Instructions for the task:
A word-for-word copy is needed of the line containing "Krossad plysch orange" and every line after it through the end of the records below, leaving out all pictures.
Segment Open
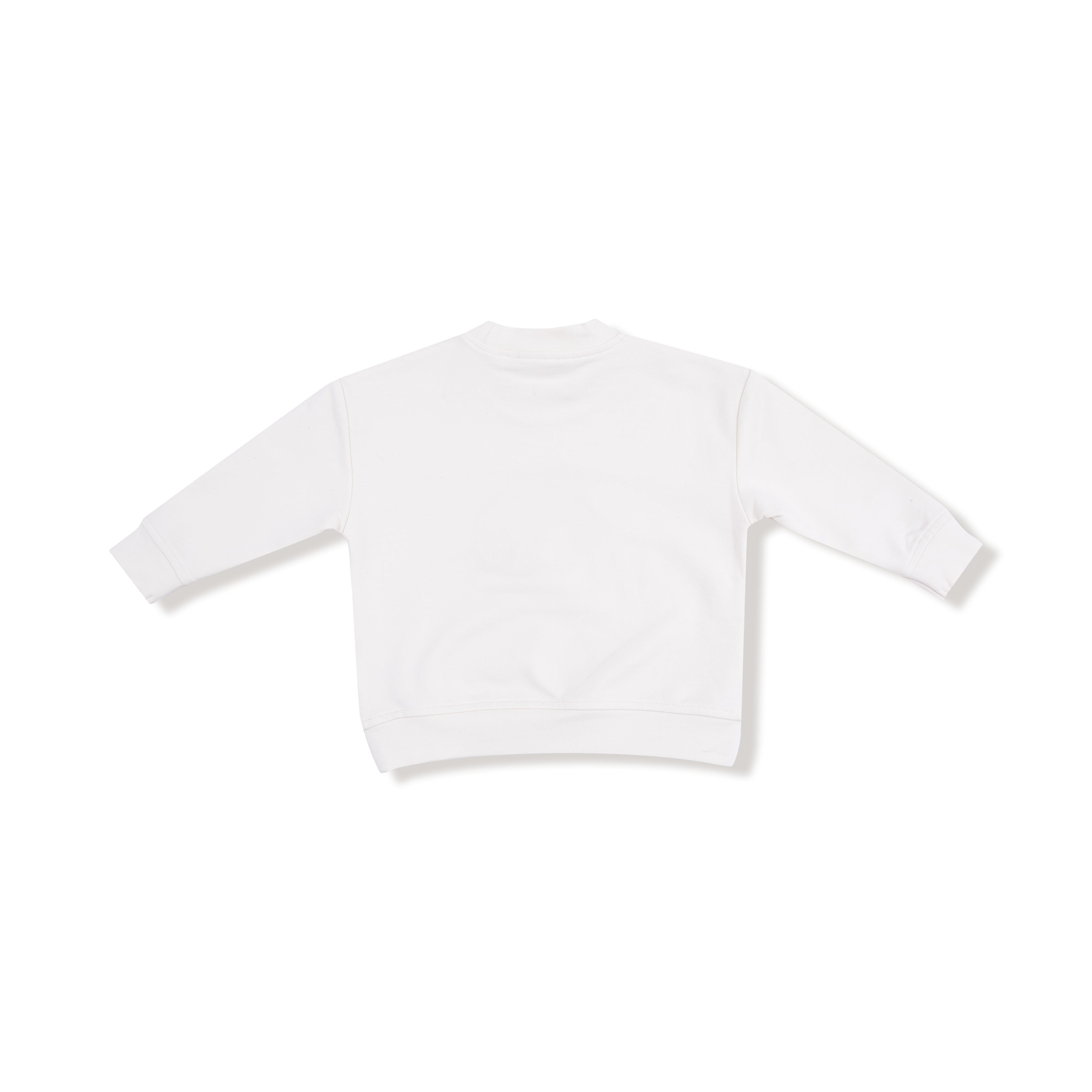 Little Pumpkin Drop Sleeve Sweatshirt in our  Halloween Tutus and Tops print from Angel Dear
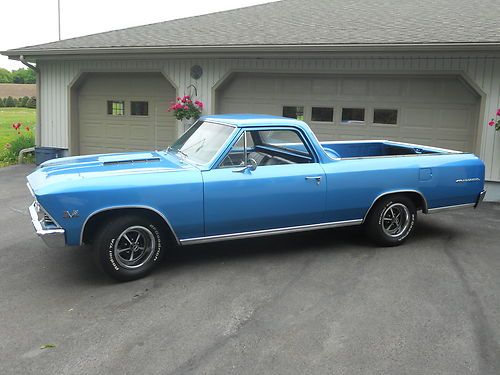 1966 big block 396 elcamino/factory air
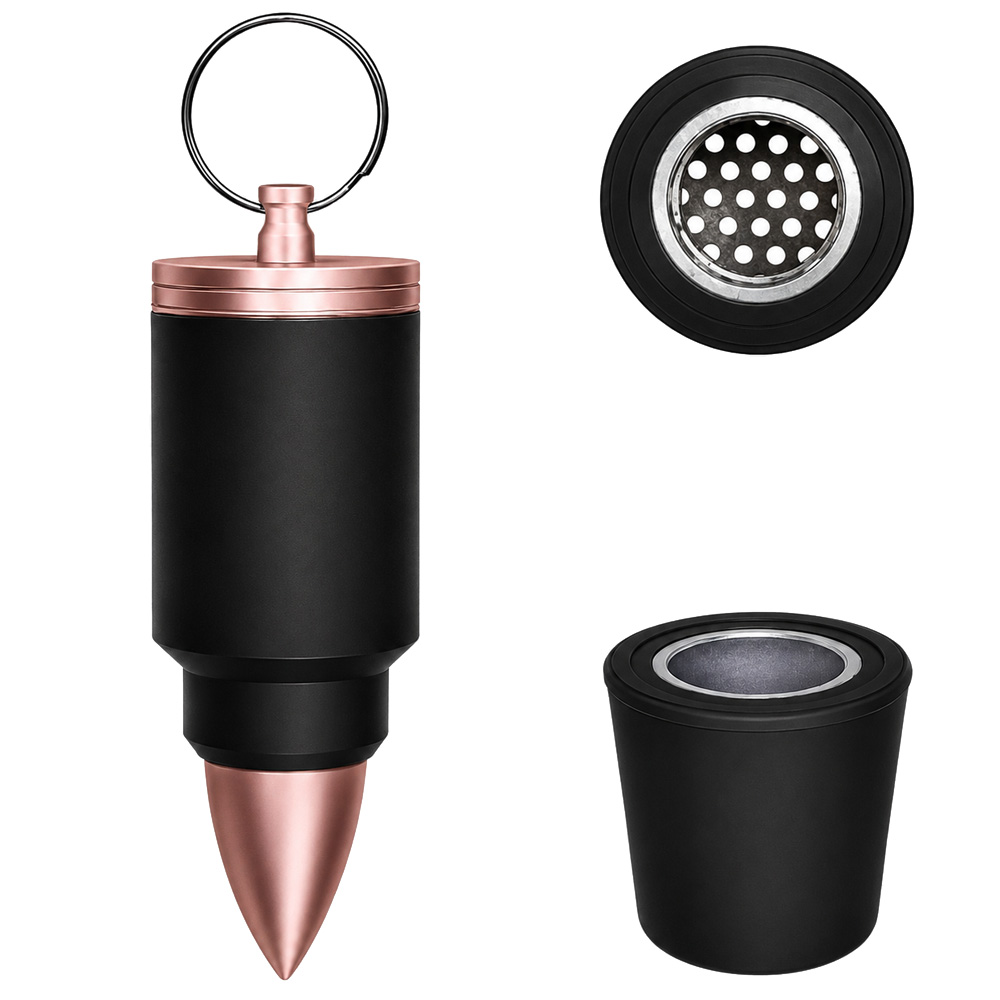 Наперсток Для Бутылки В Контейнере В Виде Пули Bullet Composite Наперсток Для Бутылки В Контейнере В Виде Пули Bullet Composite
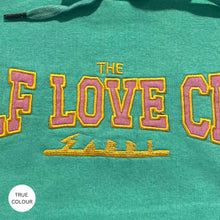 Load image into Gallery viewer, SABBI SELF LOVE CLUB HOODIE - GREEN
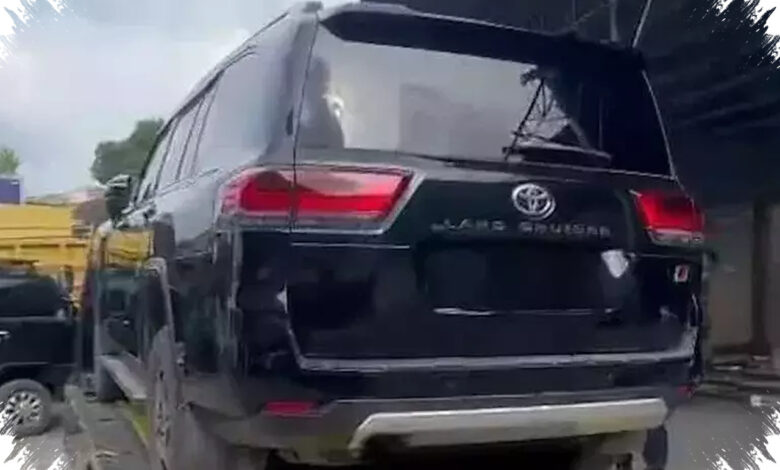 Land Cruiser Bupati Kuansing yang Disembunyikan Akhirnya Tiba di Rupbasan KPK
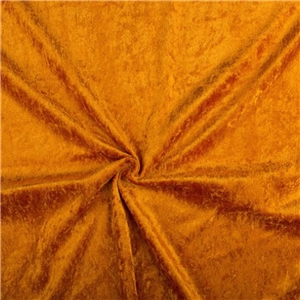 Krossad plysch orange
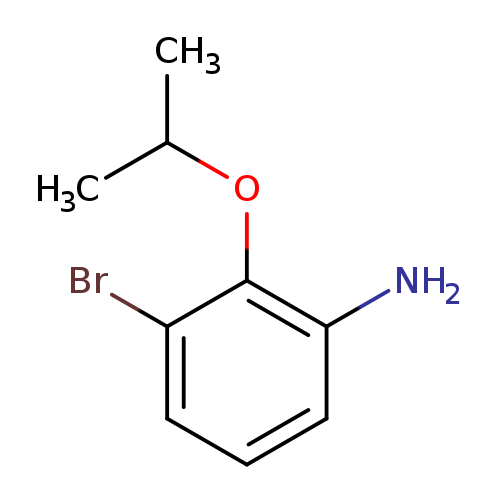 3-bromo-2-(propan-2-yloxy)aniline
Segment Closed
Response to the exercise:
 Krossad plysch orange
 3-bromo-2-(propan-2-yloxy)aniline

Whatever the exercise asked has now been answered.